For this year’s World Whisky Day our You Deserve a Dram campaign is celebrating the deserving drammers in your life. Looking back through the history of whisky there are many examples of people who deserved a dram for their contributions. Here are just seven of them.
1) Margie Samuels
Maker’s Mark is a whisky notorious for its striking red wax mark dripping down the bottle. And this design feature owes itself to Margie Samuels, the wife of Bill Samuels who was the founder of Maker’s Mark. She designed the label and even the font, which has won a number of awards. Without her input on the design and marketing of the bottle, the brand may never have become what we know it as today.
2) The South Bridge Distillery, Edinburgh
At the height of illicit distilling and smuggling in Scotland, the practice wasn’t limited to the highlands: people were even making whisky in overcrowded cities, according to Aeneas MacDonald’s book, Whisky. A whole illicit distilling operation was discovered in 1815 within Edinburgh’s South Bridge, only accessible via a grate in a bedroom of an adjoining flat. The water was syphoned from pipes above, smoke was directed to a neighbour’s chimney to avoid detection and a woman concealing a tin case of whisky in her bag, smuggled the goods out. With all the effort and ingenuity needed to keep this illicit distilling operation running, the people behind it probably needed a dram.
3) Masataka Taketsuru
Today, whisky is produced on almost every continent around the world. However, back in 1918, it was still a product mostly manufactured in Europe and North America. Masataka Taketsuru’s family owned and operated a Sake brewery, but they were interested in learning about the process of distilling whisky.
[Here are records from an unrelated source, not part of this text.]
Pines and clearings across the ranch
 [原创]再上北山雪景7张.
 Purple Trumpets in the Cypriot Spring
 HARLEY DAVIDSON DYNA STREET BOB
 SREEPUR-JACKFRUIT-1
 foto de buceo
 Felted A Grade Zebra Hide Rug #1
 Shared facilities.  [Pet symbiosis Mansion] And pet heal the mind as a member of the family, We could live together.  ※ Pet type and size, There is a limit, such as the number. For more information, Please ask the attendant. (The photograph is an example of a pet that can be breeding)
Taketsuru was sent to Glasgow University to study chemistry and to learn the art of making whisky. He not only fell in love with the country and the spirit, but he also fell in love with a Scottish girl, who would become his bride. They both travelled back to Japan, bringing this knowledge of distilling with them and starting Japan on a path of creating some of the world’s most interesting whiskies. Thanks Masataka!
4) Bessie Williamson
Bessie Williamson was the only woman to run and own a Scottish distillery in the 20th Century. After arriving on Islay to take up a summer job working in the Laphraoig office, Bessie soon became the manager, Ian Hunter’s most trusted confidant. As the end of the genial line, he needed someone to that he could entrust with his closest secrets about the distillery and Bessie became his number one lady. She stayed in Islay for over 40 years, working to give Laphroaig a more international name. Such a hard-working lady certainly would have deserved a dram after a long day.
5) John Macdonald
At the height of illegal whisky production in Scotland, a spell in prison was not necessarily seen as a terrible punishment by all distillers and often people served short sentences without complaint. According to Scotland’s Secret History, by Charles MacLean and Daniel MacCannell, one man who made the most of a bad situation was John Macdonald of Strathpeffer, who was sentenced to six weeks in Dingwall gaol. He managed to make a deal with his warder: his door would be left unlocked each night, so that Macdonald could return home and tend to his still. In the morning, he would re-emerge as promised with a jar of whisky for his opportunistic gaoler. Drams all round!
6) Nathan ‘Nearest’ Green

Jack Daniel’s is one of the most well-known whisky brands in the world. However, although Daniel lends his name to this iconic brand, there was actually an unsung hero behind the scenes that shaped this famous whisky in the early stages. Jack Daniel left home at a young age and ended up living with Reverend Dan Call on his farm. Call had a still which Daniel quickly became obsessed with, and the still was overseen by Nearest Green, who at the time was an enslaved man on Call’s farm. After the Civil War, Reverend Call sold the still and his business to Daniel, and Nearest, no longer a slave, became his most trusted adviser and master distiller. Generations later, members of the Green family still work at the distillery today.
7) Ellen Cumming
As historians delve into the somewhat mysterious and rich history of whisky production, it is clear that many women were influential in shaping whisky to what it would become today and in assisting male distillers with their business. We’ve heard about Margie Samuels from Maker’s Mark and Bessie Williamson from Laiphroig, but from an earlier time we have Ellen Cumming. According to Scotland’s Secret History, her husband John was an illicit distiller in Speyside and they lived on Cardow Farm. There were no inns in Cardow and so whenever excisemen came looking for stills and collecting taxes, they would always stay with Cumming and her husband. As soon as she had them settled with their supper, she would raise a red flag on the farm to warn all of the local illicit distilling operations nearby that an excisemen was in their midst. What a lady, definitely deserving of a dram!